Labor Day (Late): Working in Dryness

"The proof of love is in the works. Where love exists, it works great things. But when it ceases to act, it ceases to exist." - Pope St. Gregory the Great

This past Monday was Labor Day in the U.S, and since then I've been asking both my Lord and myself whether I labor properly for Him, for His holy will. I've been feeling recently like I'm in a state of spiritual dryness, and this has left me anxious and wondering if I'm actually able to do His will right now. I feel like I'm in no state to come closer to Him because it seems like He's so far away from me. Yet today I've begun to realize why this is complete tomfoolery, utter nonsense and extremely detrimental to myself and to others.

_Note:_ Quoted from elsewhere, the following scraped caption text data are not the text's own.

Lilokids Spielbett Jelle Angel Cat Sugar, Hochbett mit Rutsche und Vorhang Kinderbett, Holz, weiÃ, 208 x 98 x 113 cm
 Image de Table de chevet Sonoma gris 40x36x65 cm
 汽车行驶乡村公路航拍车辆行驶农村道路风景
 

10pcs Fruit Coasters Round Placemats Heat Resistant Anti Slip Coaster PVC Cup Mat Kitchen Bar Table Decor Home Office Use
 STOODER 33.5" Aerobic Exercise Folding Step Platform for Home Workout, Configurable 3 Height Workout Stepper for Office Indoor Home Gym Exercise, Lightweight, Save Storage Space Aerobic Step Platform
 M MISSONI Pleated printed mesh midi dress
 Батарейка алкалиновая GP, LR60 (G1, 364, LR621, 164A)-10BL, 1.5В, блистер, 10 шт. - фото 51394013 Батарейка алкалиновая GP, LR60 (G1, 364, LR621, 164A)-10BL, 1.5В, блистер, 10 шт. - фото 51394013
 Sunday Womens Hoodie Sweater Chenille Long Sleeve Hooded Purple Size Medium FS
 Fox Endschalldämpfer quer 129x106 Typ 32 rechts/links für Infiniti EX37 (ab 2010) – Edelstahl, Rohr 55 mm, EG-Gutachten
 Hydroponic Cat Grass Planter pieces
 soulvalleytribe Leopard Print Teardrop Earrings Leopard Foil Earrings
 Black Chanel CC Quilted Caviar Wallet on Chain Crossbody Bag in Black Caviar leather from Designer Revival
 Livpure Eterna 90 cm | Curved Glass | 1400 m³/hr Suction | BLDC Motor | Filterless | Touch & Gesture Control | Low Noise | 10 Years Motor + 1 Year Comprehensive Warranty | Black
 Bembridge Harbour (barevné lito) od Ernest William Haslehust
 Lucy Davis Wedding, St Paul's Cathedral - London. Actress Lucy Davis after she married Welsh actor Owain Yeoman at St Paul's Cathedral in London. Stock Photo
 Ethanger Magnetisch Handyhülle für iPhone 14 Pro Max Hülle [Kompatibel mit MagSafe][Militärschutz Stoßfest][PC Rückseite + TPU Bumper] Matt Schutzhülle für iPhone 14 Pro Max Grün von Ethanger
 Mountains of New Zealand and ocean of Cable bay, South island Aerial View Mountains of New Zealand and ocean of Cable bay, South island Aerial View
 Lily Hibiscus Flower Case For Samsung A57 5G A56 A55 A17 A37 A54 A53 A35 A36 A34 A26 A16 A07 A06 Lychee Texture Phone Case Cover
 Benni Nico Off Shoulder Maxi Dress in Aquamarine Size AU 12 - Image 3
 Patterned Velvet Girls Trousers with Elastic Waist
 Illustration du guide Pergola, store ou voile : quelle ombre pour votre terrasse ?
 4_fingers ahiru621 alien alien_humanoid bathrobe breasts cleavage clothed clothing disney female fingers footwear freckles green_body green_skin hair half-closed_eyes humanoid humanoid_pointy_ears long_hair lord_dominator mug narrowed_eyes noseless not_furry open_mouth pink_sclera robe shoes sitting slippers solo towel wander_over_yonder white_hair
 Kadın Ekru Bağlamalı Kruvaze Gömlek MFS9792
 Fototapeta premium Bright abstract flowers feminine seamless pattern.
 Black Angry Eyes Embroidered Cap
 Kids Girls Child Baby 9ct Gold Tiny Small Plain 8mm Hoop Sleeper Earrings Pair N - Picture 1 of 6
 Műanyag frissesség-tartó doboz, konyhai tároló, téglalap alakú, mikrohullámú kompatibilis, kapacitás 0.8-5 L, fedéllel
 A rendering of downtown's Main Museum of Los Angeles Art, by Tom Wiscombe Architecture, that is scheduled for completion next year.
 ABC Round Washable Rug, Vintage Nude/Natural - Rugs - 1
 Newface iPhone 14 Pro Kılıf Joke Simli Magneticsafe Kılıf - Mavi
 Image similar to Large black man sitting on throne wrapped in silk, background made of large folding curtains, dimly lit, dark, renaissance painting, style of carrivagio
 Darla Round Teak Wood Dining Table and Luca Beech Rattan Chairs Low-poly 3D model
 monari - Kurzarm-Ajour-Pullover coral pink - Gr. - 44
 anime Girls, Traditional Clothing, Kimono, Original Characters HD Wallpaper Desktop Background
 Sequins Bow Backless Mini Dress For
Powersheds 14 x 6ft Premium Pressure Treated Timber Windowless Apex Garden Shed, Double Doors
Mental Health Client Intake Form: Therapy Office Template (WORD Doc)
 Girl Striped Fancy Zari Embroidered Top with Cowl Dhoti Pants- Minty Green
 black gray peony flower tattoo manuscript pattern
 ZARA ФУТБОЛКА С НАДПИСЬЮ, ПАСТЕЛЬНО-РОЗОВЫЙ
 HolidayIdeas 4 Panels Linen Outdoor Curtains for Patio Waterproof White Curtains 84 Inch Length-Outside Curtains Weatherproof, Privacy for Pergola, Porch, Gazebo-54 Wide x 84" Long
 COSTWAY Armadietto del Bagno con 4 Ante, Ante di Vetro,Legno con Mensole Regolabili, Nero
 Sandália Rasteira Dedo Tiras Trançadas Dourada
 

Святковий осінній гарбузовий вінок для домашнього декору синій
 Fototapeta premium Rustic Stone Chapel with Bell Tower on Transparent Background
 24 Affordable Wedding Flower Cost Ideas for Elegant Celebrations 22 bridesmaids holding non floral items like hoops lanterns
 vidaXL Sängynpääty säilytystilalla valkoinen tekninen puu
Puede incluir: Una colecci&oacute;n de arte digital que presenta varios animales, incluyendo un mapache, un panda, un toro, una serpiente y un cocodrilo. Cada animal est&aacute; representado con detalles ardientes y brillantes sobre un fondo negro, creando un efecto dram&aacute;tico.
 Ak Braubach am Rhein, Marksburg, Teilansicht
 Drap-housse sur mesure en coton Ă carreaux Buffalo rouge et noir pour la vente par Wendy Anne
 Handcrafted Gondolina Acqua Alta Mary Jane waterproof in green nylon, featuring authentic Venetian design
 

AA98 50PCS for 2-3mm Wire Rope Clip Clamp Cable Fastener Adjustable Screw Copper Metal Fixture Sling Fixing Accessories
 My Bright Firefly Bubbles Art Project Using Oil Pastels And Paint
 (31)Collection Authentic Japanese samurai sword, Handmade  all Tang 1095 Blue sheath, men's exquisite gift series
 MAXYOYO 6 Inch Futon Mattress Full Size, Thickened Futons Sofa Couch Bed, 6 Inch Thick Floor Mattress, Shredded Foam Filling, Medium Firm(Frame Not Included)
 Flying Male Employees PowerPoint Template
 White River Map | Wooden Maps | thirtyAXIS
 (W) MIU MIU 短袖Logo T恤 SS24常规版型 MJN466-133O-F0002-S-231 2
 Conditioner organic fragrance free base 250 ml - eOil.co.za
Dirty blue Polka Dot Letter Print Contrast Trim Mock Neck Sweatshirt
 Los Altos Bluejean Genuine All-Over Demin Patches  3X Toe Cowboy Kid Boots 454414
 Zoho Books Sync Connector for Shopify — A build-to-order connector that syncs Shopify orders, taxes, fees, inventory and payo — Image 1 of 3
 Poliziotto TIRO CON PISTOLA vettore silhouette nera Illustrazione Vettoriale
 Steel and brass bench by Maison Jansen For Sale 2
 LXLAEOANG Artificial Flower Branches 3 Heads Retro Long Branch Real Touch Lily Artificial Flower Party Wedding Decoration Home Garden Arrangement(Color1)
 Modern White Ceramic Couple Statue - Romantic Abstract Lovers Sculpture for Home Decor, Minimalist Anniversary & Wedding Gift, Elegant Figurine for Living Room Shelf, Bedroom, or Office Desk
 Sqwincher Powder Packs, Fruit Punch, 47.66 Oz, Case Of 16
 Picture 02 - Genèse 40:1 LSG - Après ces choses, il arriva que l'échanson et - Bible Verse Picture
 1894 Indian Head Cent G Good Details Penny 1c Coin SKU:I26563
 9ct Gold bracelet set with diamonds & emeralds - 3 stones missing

A good friend of mine has always told me that feelings don't matter in faith and works of faith, that feelings don't matter much in real love; this is completely true! I said above that I 'felt' a spiritual dryness, that I 'felt' like I'm not in a proper state to do His will, and these feelings have only served to increase my anxiety. However, when I actually think about what I'm able to do for His will, completely by His grace alone, I realize that I can always do His will, again by His grace alone. Obviously if I'm in sin, then I'm less open to that grace, but feeling a state of spiritual dryness doesn't necessarily connote sin. Blessed Mother Theresa of Calcutta once said that, in the later parts of her life, she felt as if God was nowhere near her. St. John of the Cross describes this state as a "dark night of the soul", a time when God lets the soul experience dryness so that the soul can be moved to love again, to desire and to laboring for the Beloved. A dark night of the soul is not at all an excuse to think one can't do His will; it is, in fact, an invitation to work more!

The invitation to work more by our feeling this dryness, by our realizing our anxieties, these dark nights, is necessary for our growth in love. Yet though the feelings do help to trigger it, they are, as said above, nearly unimportant, only serving as the trigger. What 's always more important in these dark nights is our response to them by our seeking to labor more and more in love for our Lord Jesus Christ, Who gave Himself up for us even in the greatest suffering, Who Himself said, "My God, My God, why have You forsaken Me?" Even in that pit of despair, Christ, the Son of God, cried out, wondering where His Father was. However, He still died, He still resurrected, and He still ascended and is now seated at the right hand of the Father who He cried to; He still did His work, He still labored in and after the suffering. So it's the same with us: We must not only know of the invitation, we must take it up to work for His will.

St. John of the Cross, in his writing on the dark nights of the soul, says that they're necessary for the soul to grow more in love with it's Beloved Christ; "In tribulation immediately draw near to God with confidence, and you will receive strength, enlightenment, and instruction." We're going to have dark nights of the soul, it's inevitable, and our Beloved Bridegroom allows them to come so that we can search for Him, work for Him, by our feeling away from Him. By our feeling dryness or even despair, He helps us to labor to be more and more in love with Him.